Let’s start today’s post in space. The image below shows an astronaut on the surface of the moon (this image, and many of the others in this post come from the very excellent book Digital Image Processing by Gonzalez & Woods). The image, however, has been corrupted with cosmic noise and so it is very hard to make much sense of it. Luckily noise removal is one of the core jobs in image processing and should help us to clean up this image.

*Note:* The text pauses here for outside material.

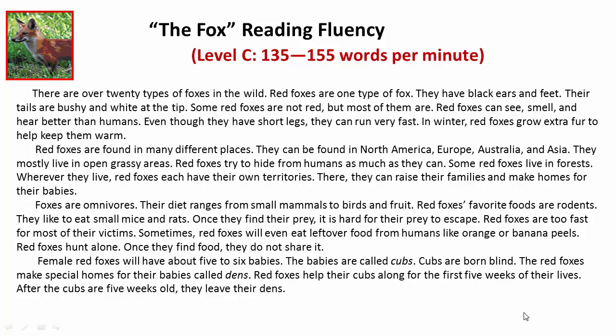Female red foxes will have about five to six babies. The babies are called cubs. Cubs are born blind. The red foxes make special homes for their babies called dens. Red foxes help their cubs along for the first five weeks of their lives. After the cubs are five weeks old, they leave their dens.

screen-shot-2016-12-05-at-21-21-12
Source: Digital Image Processing by Gonzalez & Woods

If we zoom right in on this image we can see that the basic data representation for a grey-scale image like this is a grid of pixels each containing a shade of grey.

zoomedinpixels
Source: Digital Image Processing by Gonzalez & Woods

Using this simple representation we can perform a simple convolution operation on the image to attempt to remove the noise. This is a standard technique in image processing and the main tool in the image processing toolbox for working with pixel representations like this. Unfortunately, as shown below, although the image is cleaned up it is not quite as sharp as we might like.

screen-shot-2016-12-05-at-21-21-20
Source: Digital Image Processing by Gonzalez & Woods

We could work more on trying out different types of convolution kernels and this would probably lead to some improvement, but we will hit a wall in terms of what can be achieved with this type of representation. Rather than trying to push against this wall, we can instead change the data representation. The fast Fourier transform is another standard tool in the digital image processing toolbox. This transforms the representation of an image from a set of pixel values into a set of frequencies, or converts the image into the frequency domain. Below we show our image of the astronaut on the surface of the moon represented in the frequency domain. The details of exactly what is going on here are not terribly important (although Chapter 4 of Digital Image Processing by Gonzalez & Woods goes into this in great detail and is fascinating stuff). What is important is that when we look at the frequency domain image below a set of bright points arranged in a ring around the image jump out. The noise that is corrupting this image is sinusoidal in nature (most likely cause by the camera being near a generator or other equipment like that) and so really pops out once the representation of the image is changed to the frequency domain.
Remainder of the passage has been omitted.